Been feeling a bit guilty this past week or so. I bought Thank You cards several weeks ago with the full intention of finally writing to all those individuals who have been supporting me from the very moment they knew my husband had a heart attack. I’ve got dozens to write, yet each time I pull them out along with my list of addresses, I just can’t put pen to paper and say the words “thank you”. It’s somewhat surprising when you think about it, considering I spent a great deal of time spewing nonsense here, yet I can’t bring myself to simply say “thank you” there.

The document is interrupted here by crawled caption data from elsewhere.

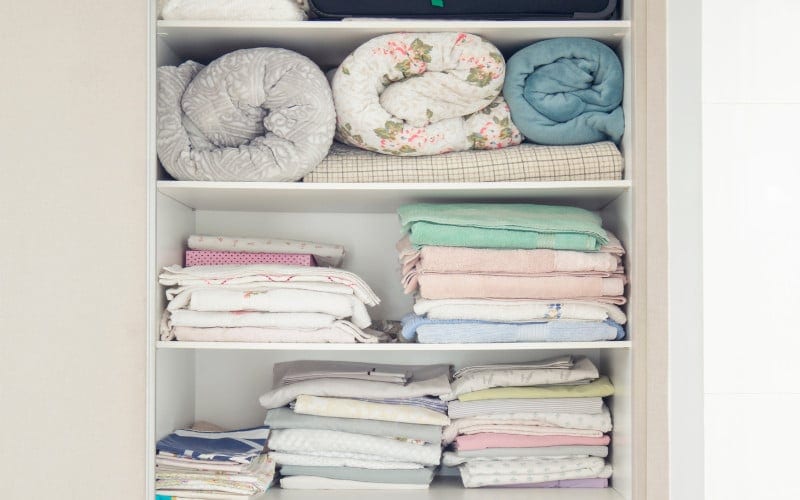 linen closet organize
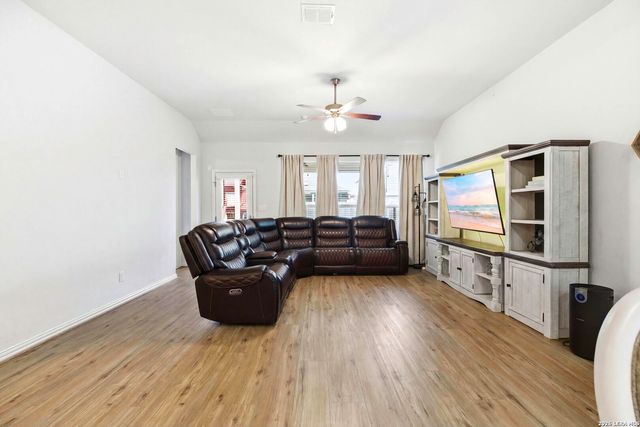 2071 Chelsea Grove, New Braunfels, TX 78130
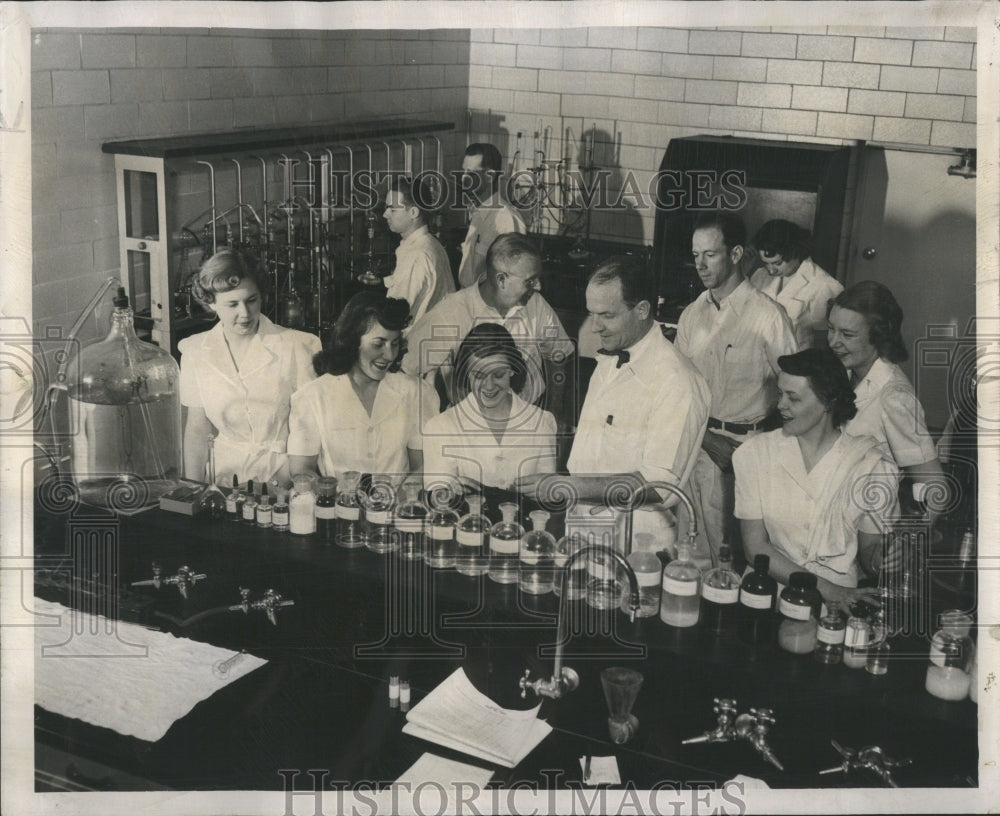 1950 Analetical Lab PH Measurement Rende - Historic Images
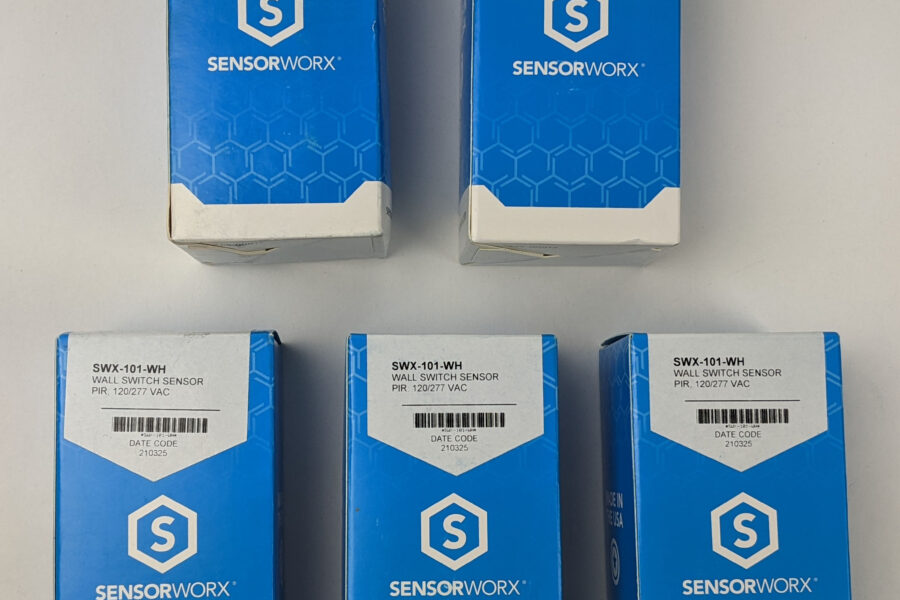 NEW Listing! FREE Shipping! SWX-101-WH SensorWorx Wall Switch Sensor PIR 1-Pole Auto On 120-277V White NEW 5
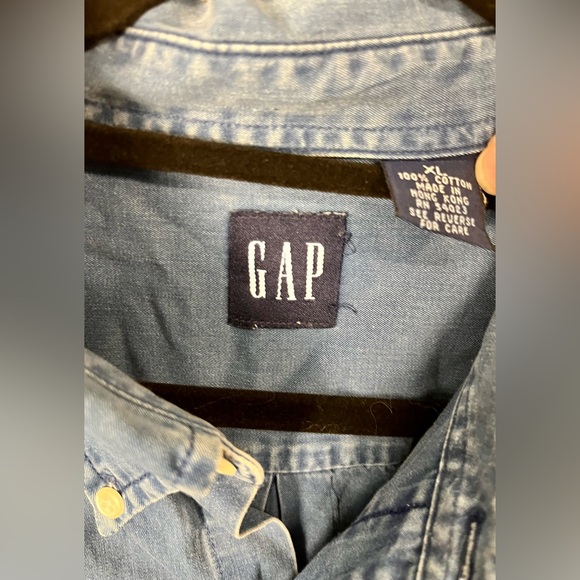 GAP Women’s Classic Blue Button-Down Shirt Size XL - Picture 4 of 6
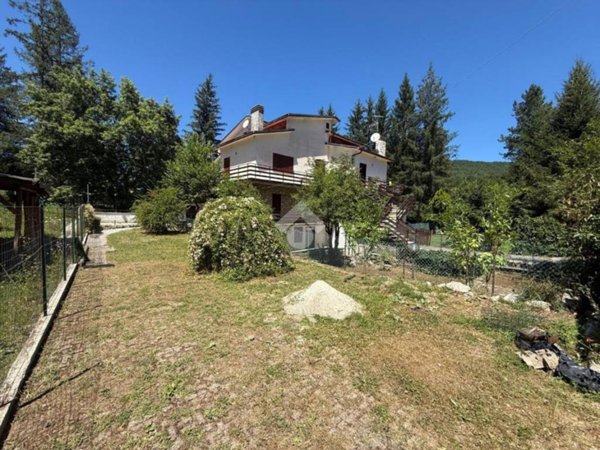 casa indipendente in vendita ad Arcinazzo Romano in zona Altipiani di Arcinazzo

I’m not sure what the issue is. Maybe it’s overwhelming simply because I have to many to write that it’s exhausting just thinking about it. Perhaps it’s because it would be yet another step towards this loss feeling permanent. Maybe it’s simply because there just seems to be something so inherently wrong about saying “thank you” in this instance.
Don’t get me wrong. I am extremely grateful for all the comforting words and kind deeds shown to me, some of them coming from people and places I’ve least expected it. I’ve received cards and words of encouragement from old high school classmates I didn’t realize knew my name. I’ve heard from friends of friends and virtual strangers, many of whom are struggling with their own losses and somehow, surprisingly, find some comfort in the rantings of a mad woman. Me actually writing out the cards, however, seems to be a daunting task.

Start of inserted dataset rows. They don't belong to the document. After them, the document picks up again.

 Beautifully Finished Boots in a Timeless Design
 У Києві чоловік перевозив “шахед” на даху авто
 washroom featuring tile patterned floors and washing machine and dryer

I’m hopeful that, much like my wedding Thank You’s nearly 26 years ago, once I begin the process will become easier. The obstacle seems to be starting. The “experts” say that notes should be sent within 2 weeks of the funeral. Well, there was no funeral and it has been much longer than 2 weeks since his passing, so I’m already “behind”, which only adds to the guilt.
Know this. One day – and hopefully one day soon – I will sit down and get these written and mailed. In the meantime, know that you have my heartfelt appreciation for things you may have said or done to help me through this time. Every phone call, card, email, text message, blog comment, message through social media, virtual hug and prayer has helped keep me going. They each seem to reach me when I need them the most.
So, thank you. You are very much appreciated.